Home

MultimodalAI’25 Mini-Hackathon — Wiki Home

Welcome! This wiki is the central hub for the Mini-Hackathon on Multimodal AI, held with the Third Workshop on Multimodal AI (MultimodalAI’25).

At a glance

Theme: Building Modular Python Components for Multimodal Data Infrastructure
When & Where: 13:00-17:00, 15 September 2025 · Torrington Place (1–19), London, UK
Who can join: Open to MultimodalAI’25 workshop attendees (registration is closed)

Quick links

Hackathon page: https://multimodalai.github.io/multimodalai25/hackathon/
Workshop home: https://multimodalai.github.io/multimodalai25/
Code of Conduct: https://multimodalai.github.io/code-of-conduct/
Base code repository: https://github.com/pykale/mmai-hackathon
Data examples: shared via Dropbox folder

Participation

This mini-hackathon welcomes researchers and practitioners with basic Python experience.

To participate fully:

Bring your own laptop (Wi-Fi capable).
Have a GitHub account ready: https://github.com/signup.
Familiarise yourself with this starter codebase, especially the instructions in the Wiki pages see the table of contents on the right for more), and set up your development environment before the event.
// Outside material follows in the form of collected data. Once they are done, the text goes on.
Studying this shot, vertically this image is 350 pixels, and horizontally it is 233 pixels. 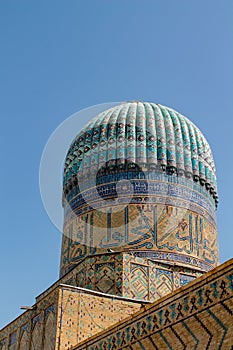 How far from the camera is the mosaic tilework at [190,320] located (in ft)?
15.7

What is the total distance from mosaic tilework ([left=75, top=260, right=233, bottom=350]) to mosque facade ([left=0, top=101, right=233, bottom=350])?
2.92 feet

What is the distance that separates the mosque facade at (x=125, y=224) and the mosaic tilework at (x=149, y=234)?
0.06ft

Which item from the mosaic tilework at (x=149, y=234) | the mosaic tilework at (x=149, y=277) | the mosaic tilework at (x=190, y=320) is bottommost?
the mosaic tilework at (x=190, y=320)

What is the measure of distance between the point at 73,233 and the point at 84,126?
2414mm

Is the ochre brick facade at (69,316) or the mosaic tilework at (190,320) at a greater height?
the ochre brick facade at (69,316)

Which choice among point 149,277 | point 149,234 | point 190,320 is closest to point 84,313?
point 149,277

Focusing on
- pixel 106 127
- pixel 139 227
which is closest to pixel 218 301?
pixel 139 227

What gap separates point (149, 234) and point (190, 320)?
4618mm

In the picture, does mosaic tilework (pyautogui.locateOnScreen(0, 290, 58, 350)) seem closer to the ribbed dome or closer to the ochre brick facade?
the ochre brick facade

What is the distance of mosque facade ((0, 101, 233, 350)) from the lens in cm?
814

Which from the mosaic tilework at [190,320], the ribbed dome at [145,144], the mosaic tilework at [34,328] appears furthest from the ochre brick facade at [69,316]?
the ribbed dome at [145,144]

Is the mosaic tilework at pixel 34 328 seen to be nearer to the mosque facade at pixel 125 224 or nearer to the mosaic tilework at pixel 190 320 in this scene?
the mosque facade at pixel 125 224

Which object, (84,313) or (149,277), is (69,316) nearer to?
(84,313)

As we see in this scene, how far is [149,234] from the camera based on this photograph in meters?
9.79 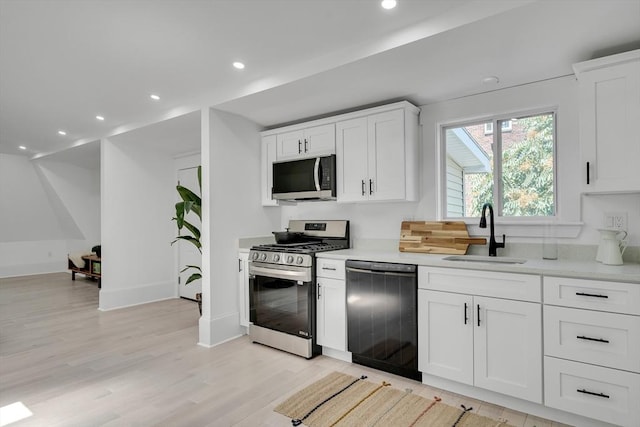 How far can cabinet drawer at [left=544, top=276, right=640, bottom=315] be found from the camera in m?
1.89

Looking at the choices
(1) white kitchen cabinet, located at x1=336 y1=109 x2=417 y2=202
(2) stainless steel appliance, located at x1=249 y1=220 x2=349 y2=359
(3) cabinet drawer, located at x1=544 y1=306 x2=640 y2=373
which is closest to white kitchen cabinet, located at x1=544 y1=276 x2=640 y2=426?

Contact the organisers: ukomain-mmai25@googlegroups.com

What you will build

Design and develop modular PyTorch-based Dataset and Dataloader implementations that make multimodal data workflows smoother:

Reusable loader for different data types: work for one or multiple modalities (at least three modalities from image, text, signals, and tabular)
Share common functions and attributes across dataset classes (modalities) for consistency.
Handle missing/heterogeneous inputs.
Support different sampling strategies (e.g., balanced, stratified).
Support relational data.
Be easily changed or extensible to the provided other datasets.
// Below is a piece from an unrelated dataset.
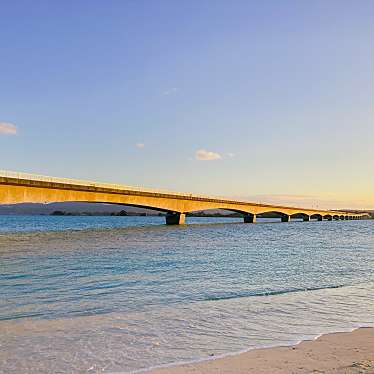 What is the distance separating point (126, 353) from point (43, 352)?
1.47 m

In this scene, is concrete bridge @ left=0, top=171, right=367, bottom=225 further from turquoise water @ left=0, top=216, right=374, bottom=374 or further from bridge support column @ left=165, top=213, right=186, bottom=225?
turquoise water @ left=0, top=216, right=374, bottom=374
Aim for small, composable modules with clear interfaces and tests so teams can mix-and-match quickly.

Optional tasks:

Includes unit tests to test your implementations.
Add documentation (docstrings, README updates) to improve quality and usability.

Evaluation criteria

Functionality: Meets requirements, works with provided data.
Innovation: Creative design and extensions (easy to extend to other modalities and datasets)
Code Quality: Clean, modular, well-documented, tested.
Presentation: Clear explanation and demo.

Consider the design of scikit-learn as a reference, where most models and transformers (such as LogisticRegression, SVC, PCA, and StandardScaler) inherit from a common base class (BaseEstimator, TransformerMixin, etc.) and share a consistent API (fit, transform, predict).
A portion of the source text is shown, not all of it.